- Ну брехать! На предателев идем, которые Россию в кабалу германцу хотять! - выкрикнул кто-то снизу.

- Не, солдаты, вы меня слухайте! Рази ж и я за то, чтоб родимую землю врагу отдать? Моя сторона та, где пупок мне резан, и за ее я тоже кровь пролил. И мне родимое горе чужой радости дороже, и нашу родимую Россию я тоже буду защищать до последнего! Да генерал Корнилов на совсем другое нас ведет: чтоб бедноту снова в бараний рог скрутить, а помещика, капиталиста да царя-кровопивца над нами снова поставить и войну продолжать, за ихние Босфоры, контрибуции и Дарданеллы!

- Эй, слезай! Ты чего - о двух головах, что ль? - послышалось из сгрудившейся солдатской толпы.

- Нет, буду говорить! Сколько наших солдатских ртов досыть землей наелось за ихние Босфоры и Дарданеллы?
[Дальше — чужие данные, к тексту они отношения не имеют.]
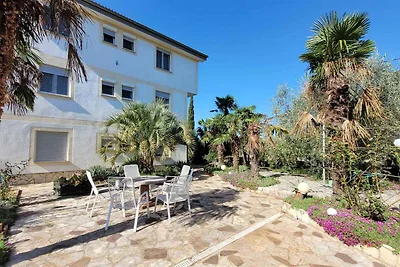 Ferienwohnung mit Balkon und Grill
Я старшого брата на румынской земле захоронил, а у него сам-десять ртов осталось. На кой была ему та румынская земля? Ею, что ль, накормит он десять галчат? Сам накормился - на сажень в землю ушел... И сам я воевал не хужей других, тоже изранитый и поконтуженный! У меня одна голова, и теперича она мне в десять раз нужней, чтоб брательниковых галчат прокормить и его жене, солдатской вдове, по хозяйству пособить!..

Солдаты примолкли, слушали. Потому что говорил он об их собственной доле.

- Но так я вам скажу, братья: не надоть нам иттить на Питер - таких же, как мы, мужиков да мозолистых рабочих изничтожать, катами-палачами делать себя! Чего Корнилов хотит? Чтоб, как раньше, тянулись мы перед офицерами, а они нам в зубы кулаками тыкали! Он - за смертную казнь солдатам и революции! Так что: за своей смертью мы сами идем?.. Я другое вам скажу: и Корнилов - предатель России, и Керенский - предатель! Один царский генерал, другой - буржуйский холуй!.. Хоть поцапались они, как кошка с собакою - один фырчит да лает, другой мурлычет да фыркает, - а из одной кормушки едят, одному хозяину принадлежат!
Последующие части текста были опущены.